Skipping all pictures, please restate word for word the lines from the one that contains "Cute Purple Leopard Bone Sweater For Dogs" through the last line of the entries.

##############################

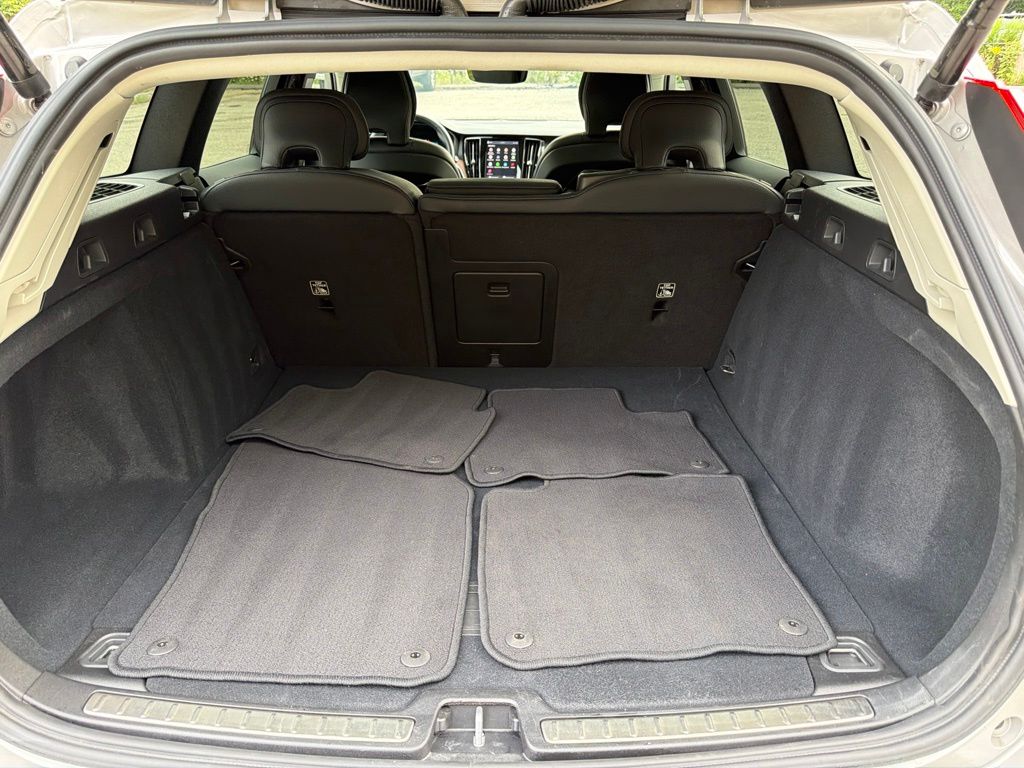 2025 Volvo V60 Cross Country Plus - Photo 32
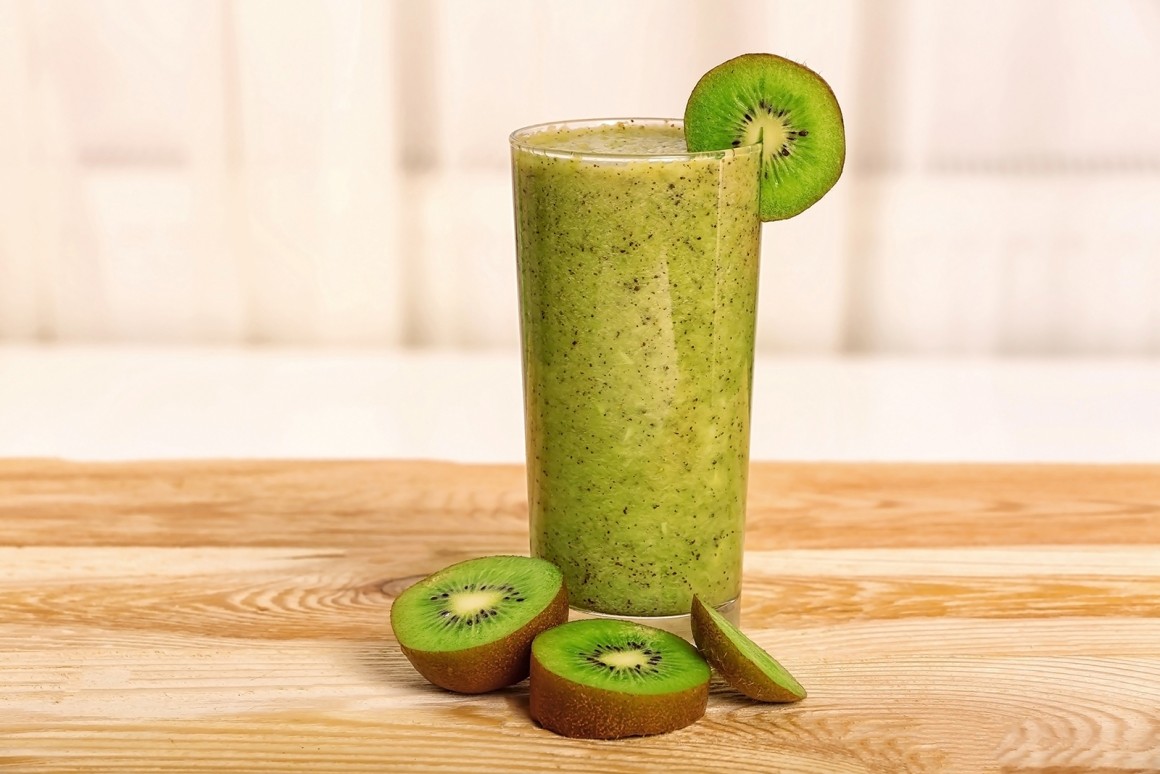 Smoothie mit Kiwi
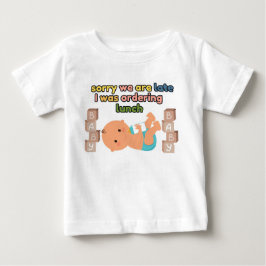 ごめんね、遅れちゃったよ 白のベビーTシャツ ベビーTシャツ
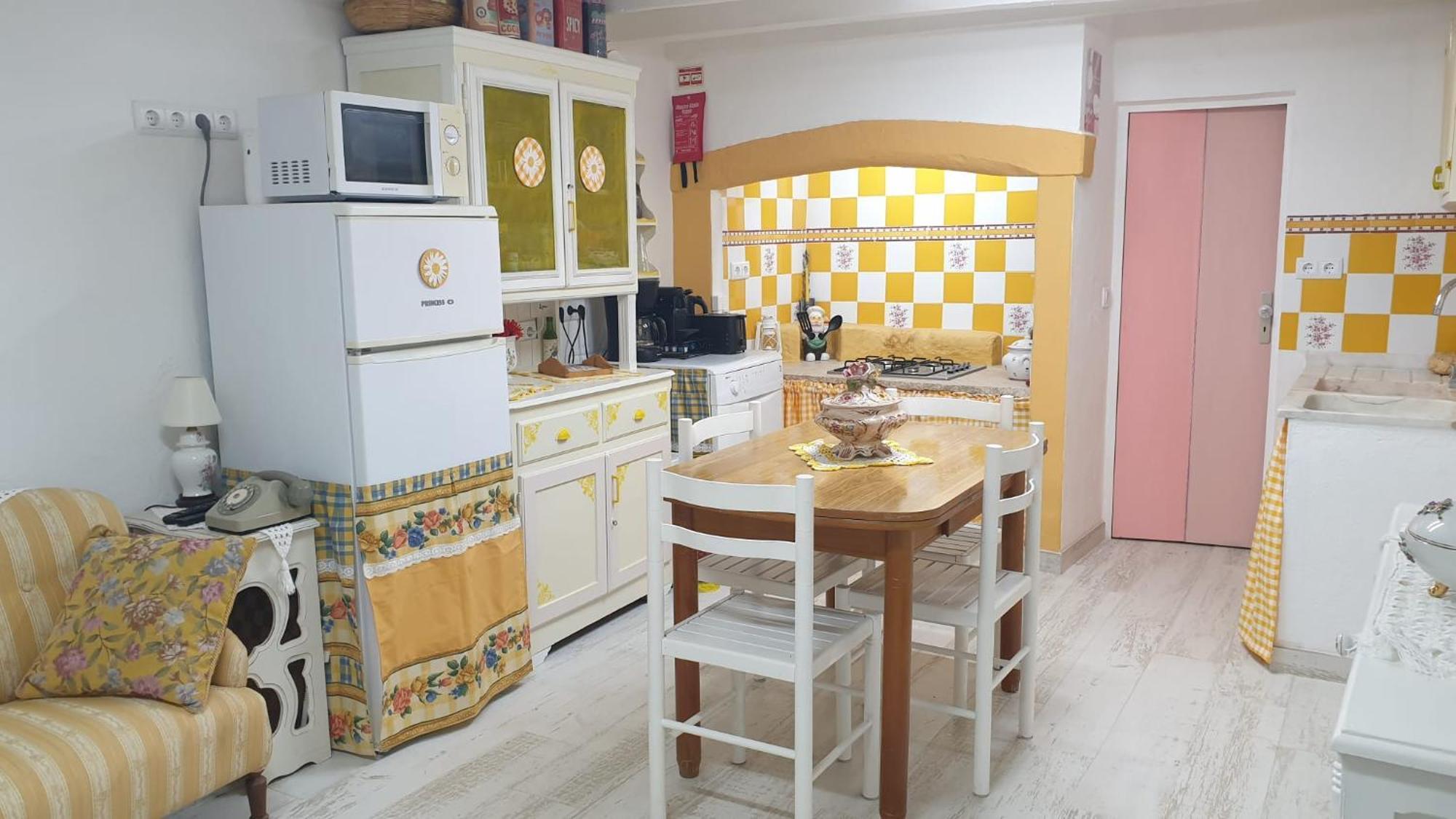 Casa Das Janelinhas - Cottage Near Sintra, Mafra, Ericeira Bagian luar foto
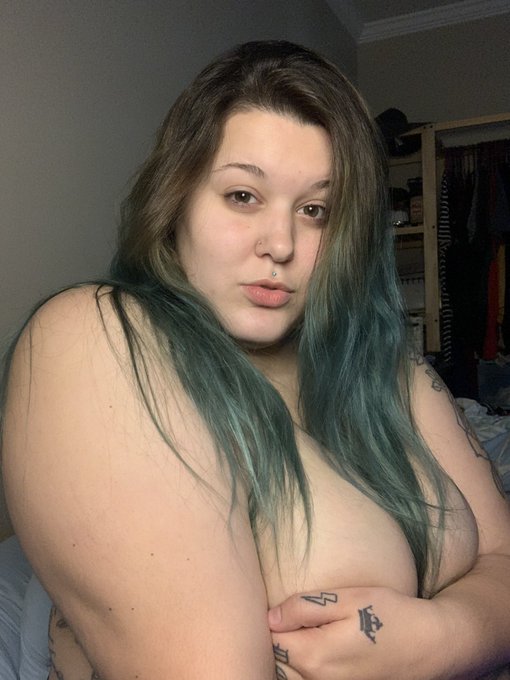 I might be BIGGER but my prices are not &lsquo;cheaper&rsquo; because of that.   My content is WORTH EVERY PENNY<a href="/tag/mvsales"class="tags"><span>#mvsales</span></a>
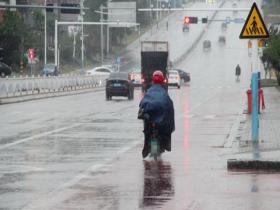 山东威海出现降雨 道路湿滑影响出行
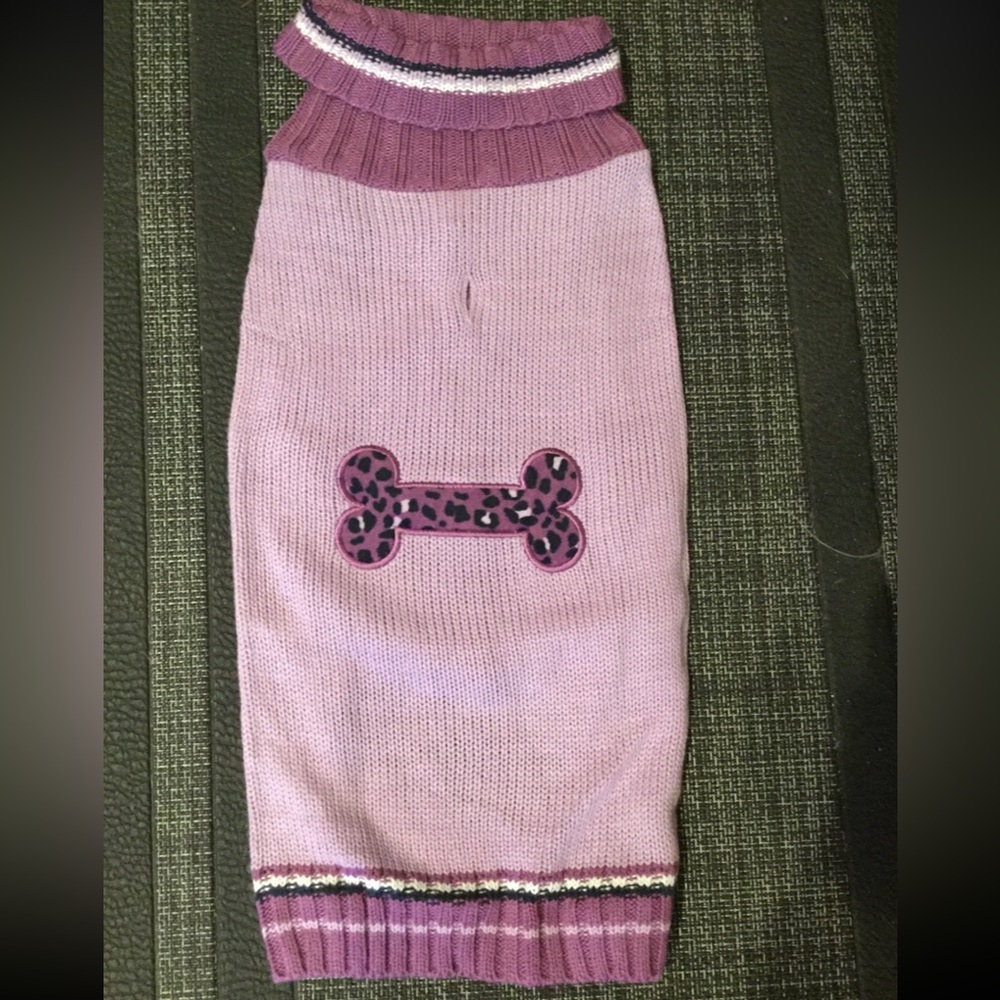 Cute Purple Leopard Bone Sweater For Dogs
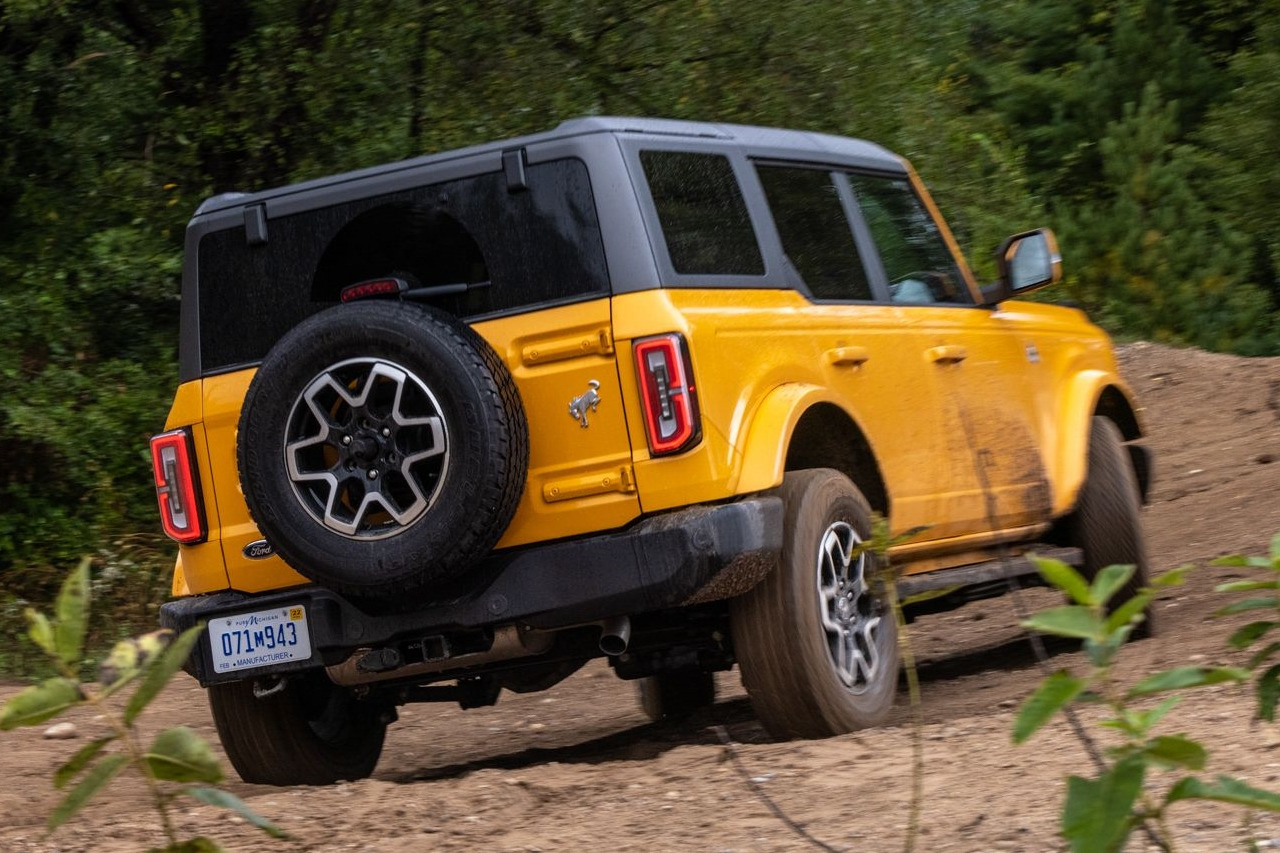 포드-브롱코.jpg
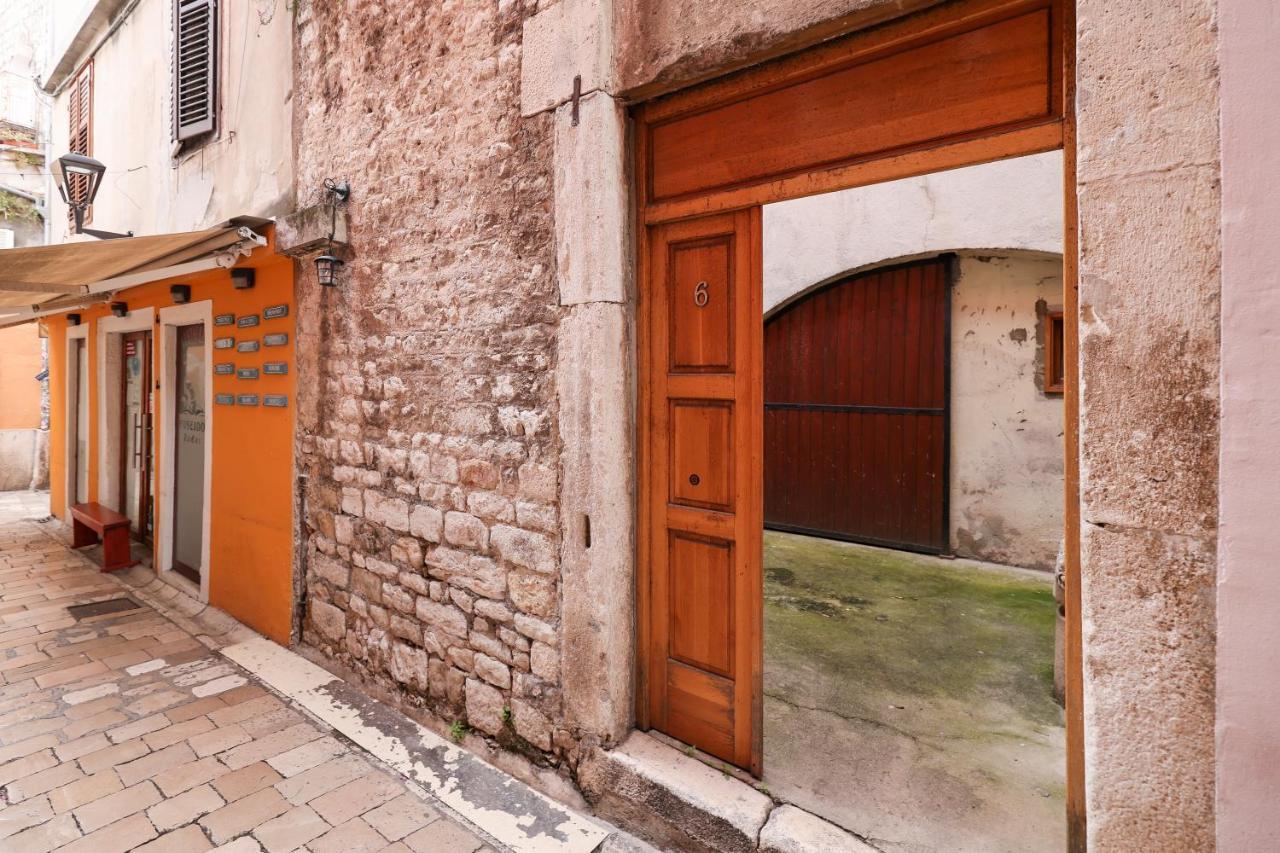 Old Town Donatello Apartment Zara Esterno foto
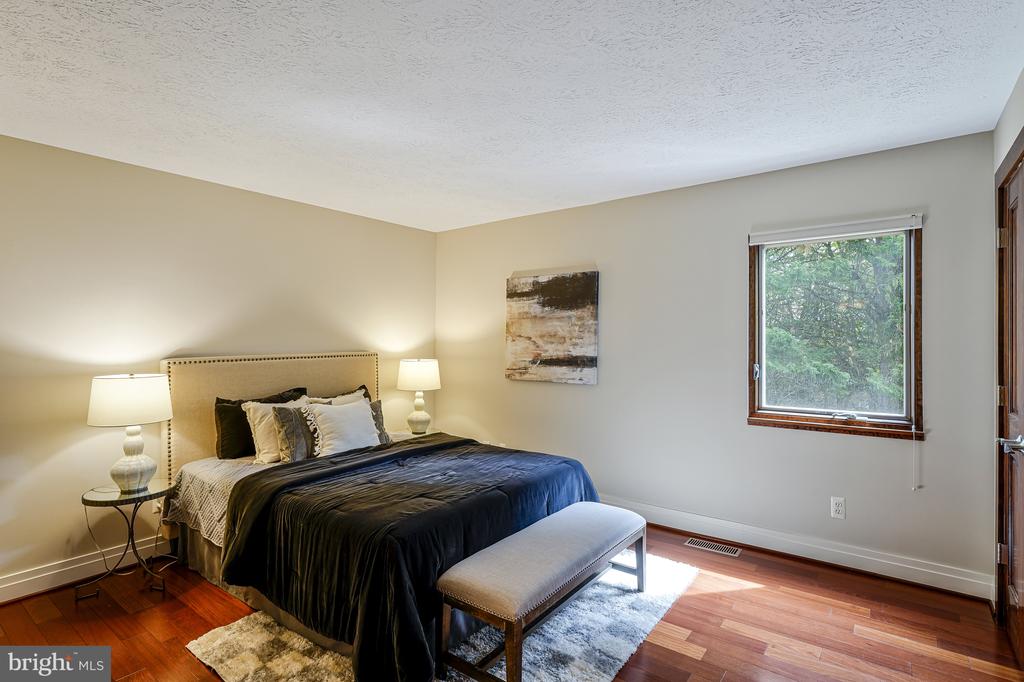10226 Cedar Pond Dr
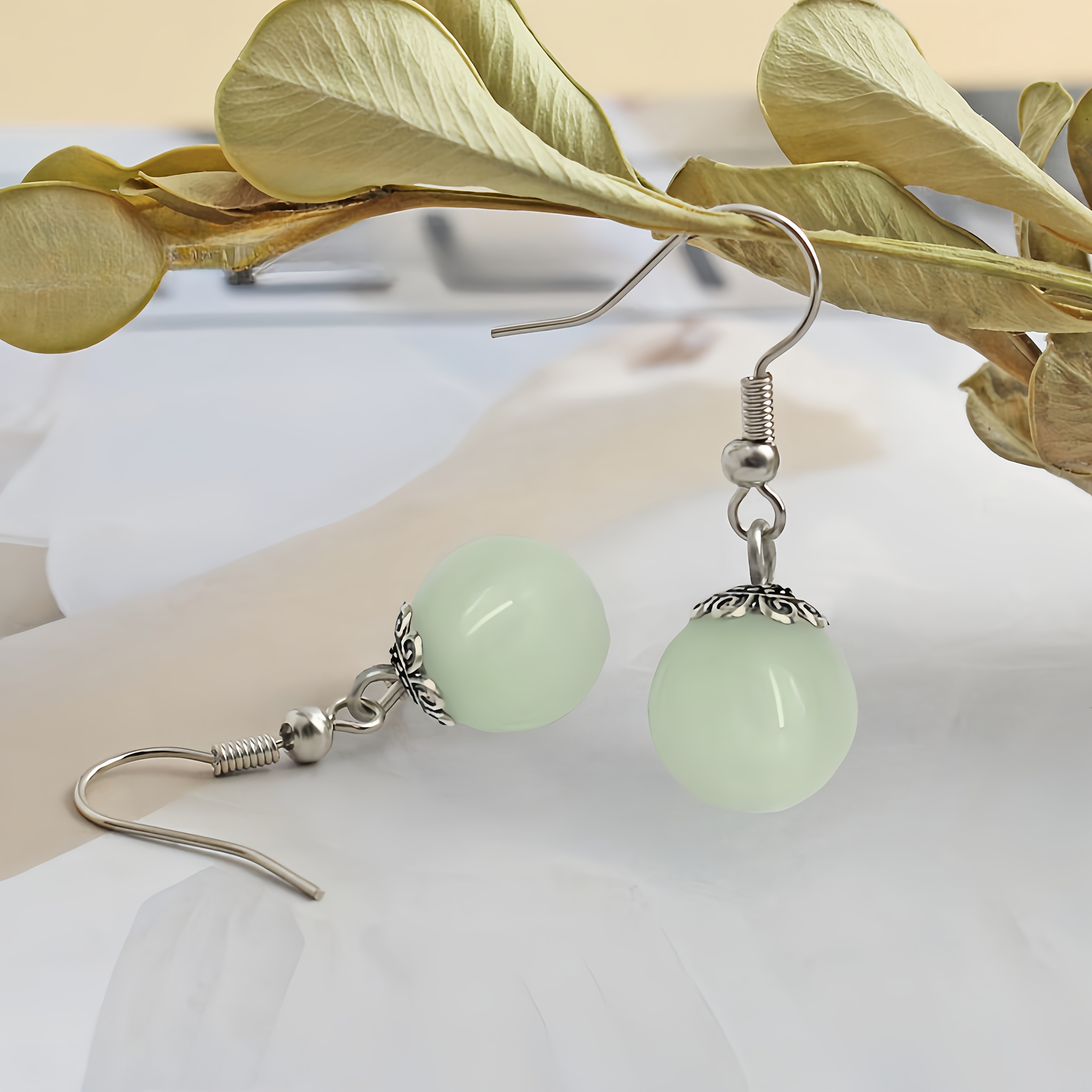 TEMU 1 Paire de Boucles d'Oreilles Rondes Faciles et Polyvalentes avec Perles Luminescentes, Bijoux Individuels pour Fêtes, Halloween/Noël, Cadeau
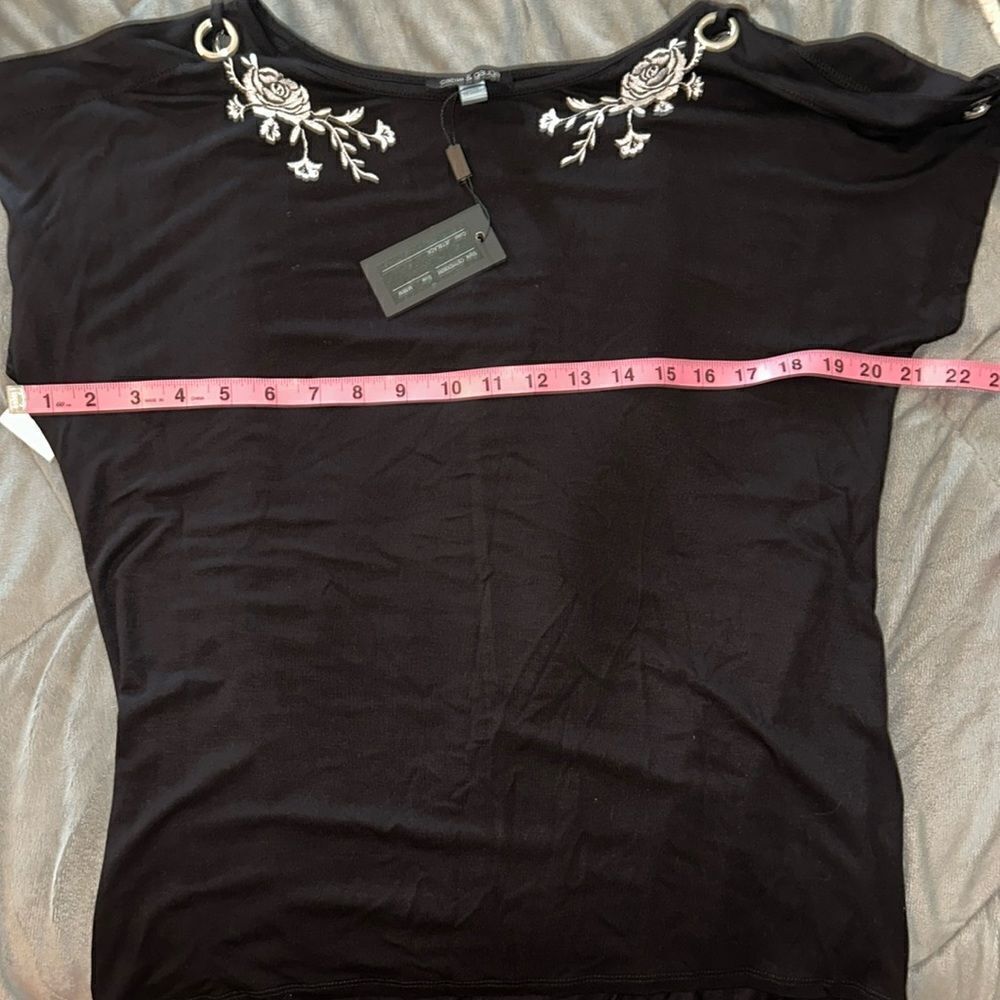 Cable & Gauge Black Peep Shoulder Flower Embroidered Top Blouse Shirt Medium NWT - Picture 6 of 6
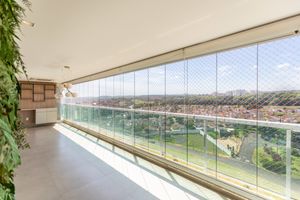 Image 11 - 920207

##############################

Written answer:
 Cute Purple Leopard Bone Sweater For Dogs
 포드-브롱코.jpg
 Old Town Donatello Apartment Zara Esterno foto
10226 Cedar Pond Dr
 TEMU 1 Paire de Boucles d'Oreilles Rondes Faciles et Polyvalentes avec Perles Luminescentes, Bijoux Individuels pour Fêtes, Halloween/Noël, Cadeau
 Cable & Gauge Black Peep Shoulder Flower Embroidered Top Blouse Shirt Medium NWT - Picture 6 of 6
 Image 11 - 920207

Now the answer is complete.